Dataset.
__________

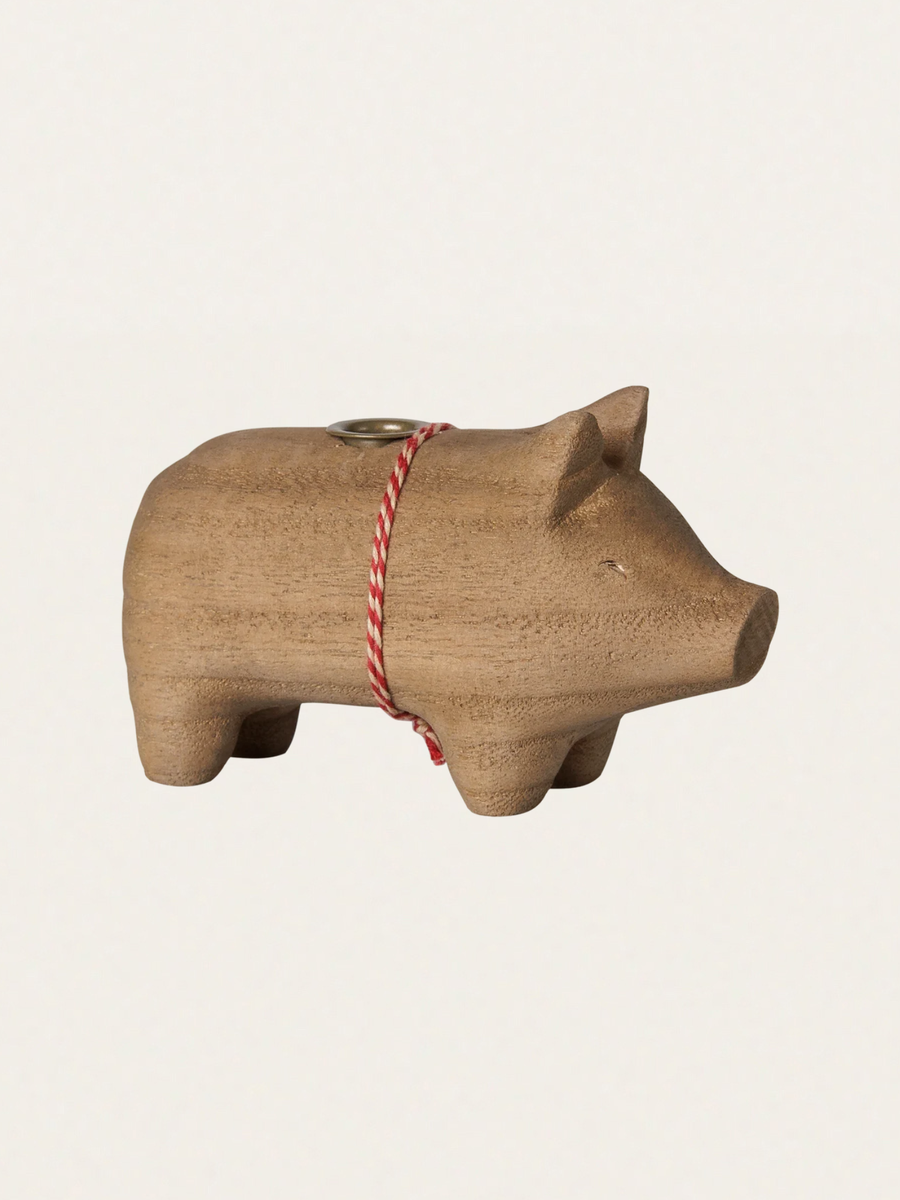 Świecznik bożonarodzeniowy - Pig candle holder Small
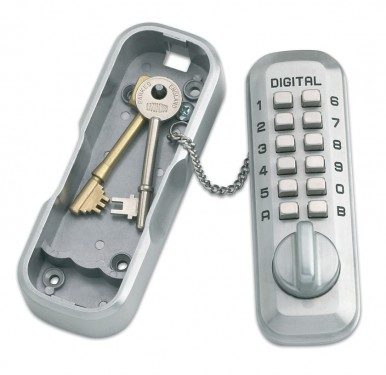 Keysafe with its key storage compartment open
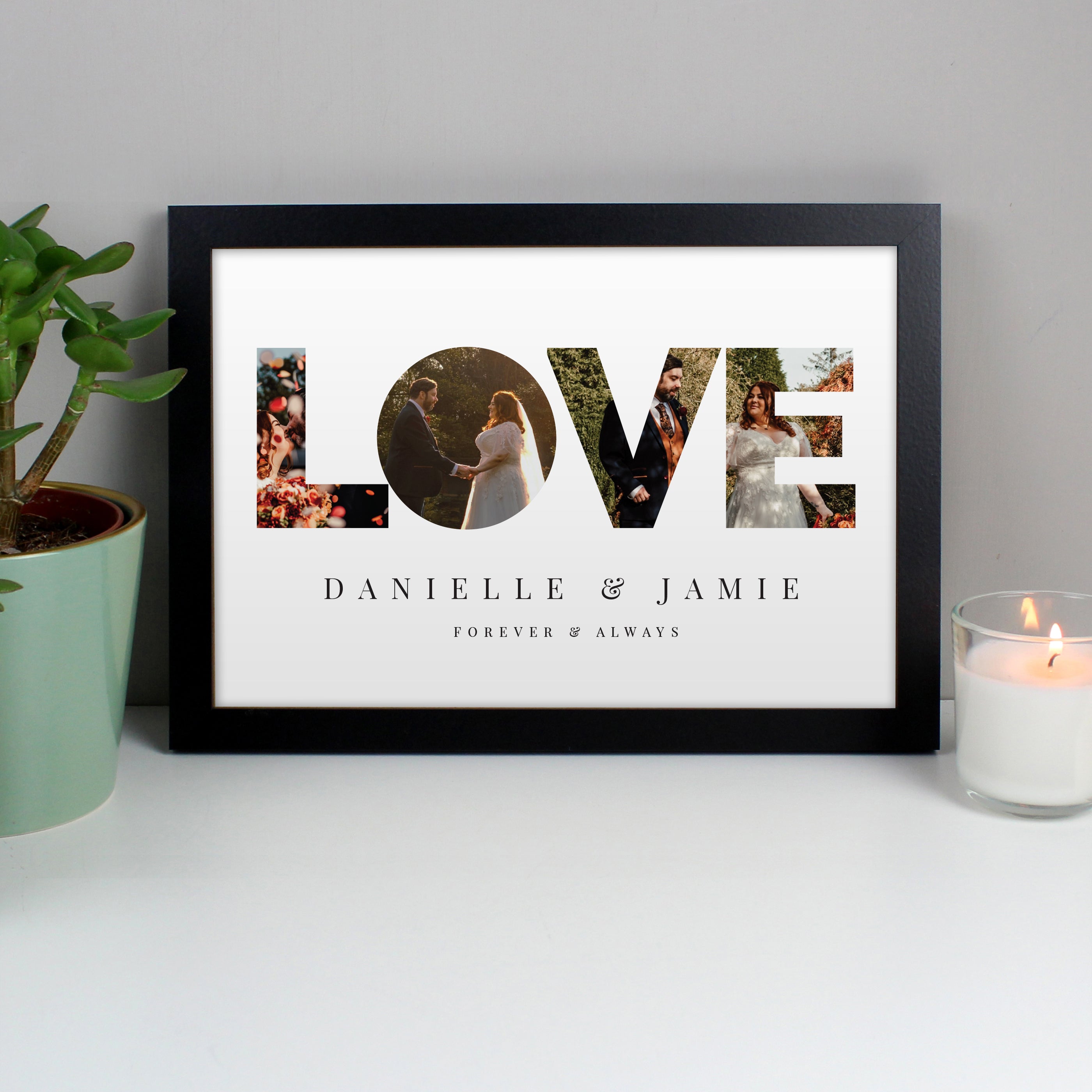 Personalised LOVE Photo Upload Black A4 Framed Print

__________

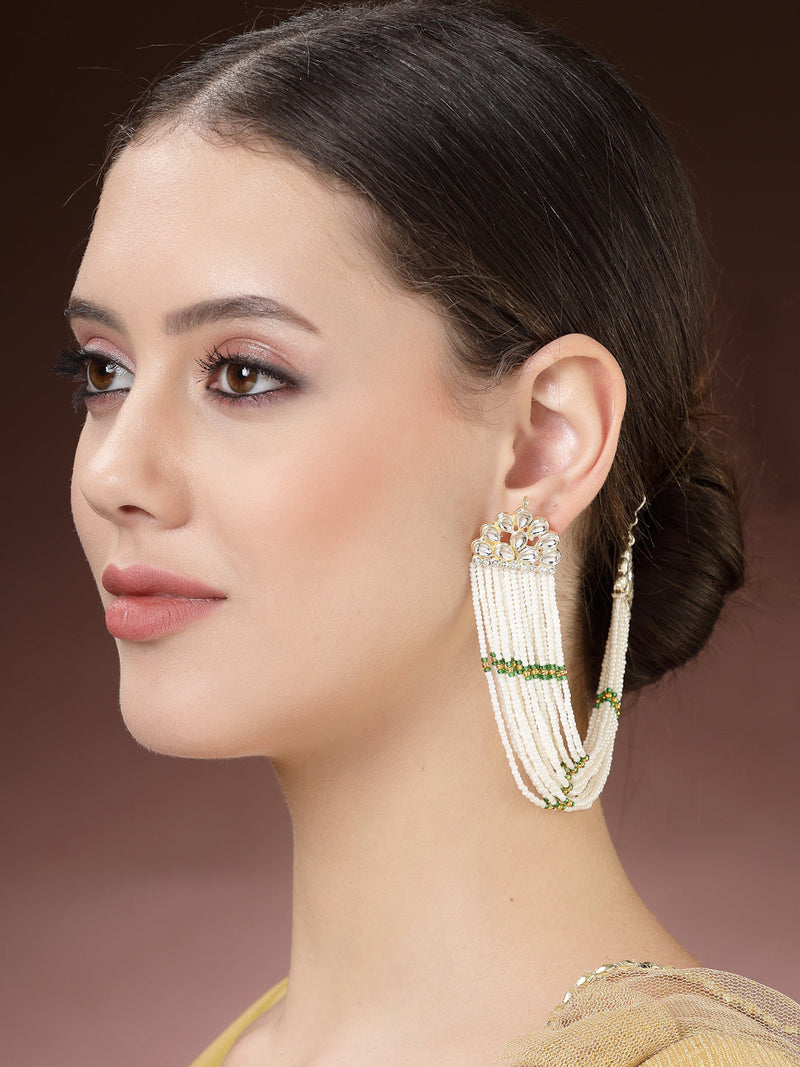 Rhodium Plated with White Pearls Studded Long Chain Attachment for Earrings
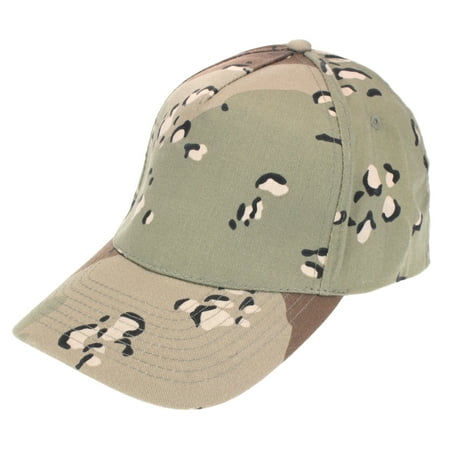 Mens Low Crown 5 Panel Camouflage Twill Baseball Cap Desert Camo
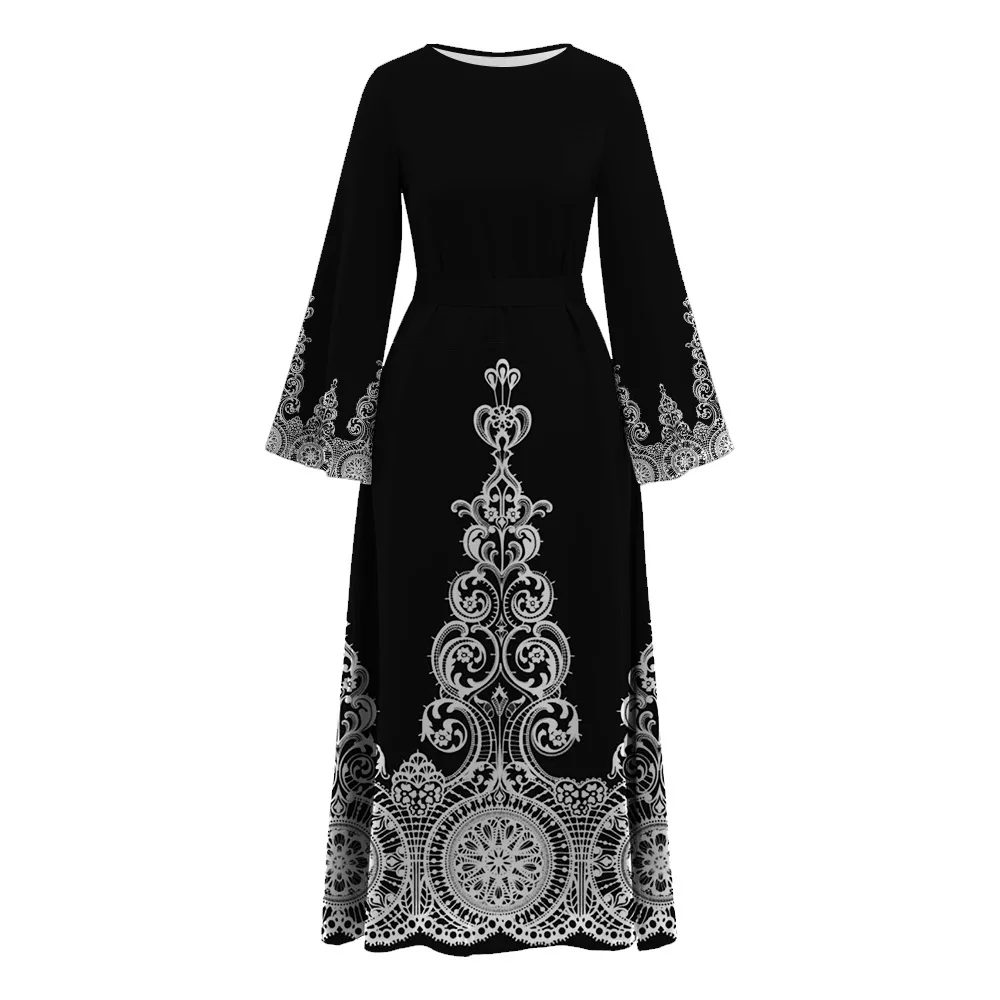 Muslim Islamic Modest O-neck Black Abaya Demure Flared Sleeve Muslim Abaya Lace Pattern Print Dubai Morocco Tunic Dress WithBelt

__________

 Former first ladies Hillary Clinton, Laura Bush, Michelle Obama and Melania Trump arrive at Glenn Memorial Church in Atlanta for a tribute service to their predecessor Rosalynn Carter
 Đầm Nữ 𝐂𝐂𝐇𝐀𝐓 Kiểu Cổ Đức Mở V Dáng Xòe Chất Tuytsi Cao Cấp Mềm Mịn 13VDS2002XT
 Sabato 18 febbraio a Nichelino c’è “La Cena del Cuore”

__________

What you need to do. Take the lines above from the one containing "Đầm Nữ 𝐂𝐂𝐇𝐀𝐓" to the one containing "Sabato 18 febbraio" and retype them exactly, both ends included, with nothing added.

The answer.
 Đầm Nữ 𝐂𝐂𝐇𝐀𝐓 Kiểu Cổ Đức Mở V Dáng Xòe Chất Tuytsi Cao Cấp Mềm Mịn 13VDS2002XT
 Sabato 18 febbraio a Nichelino c’è “La Cena del Cuore”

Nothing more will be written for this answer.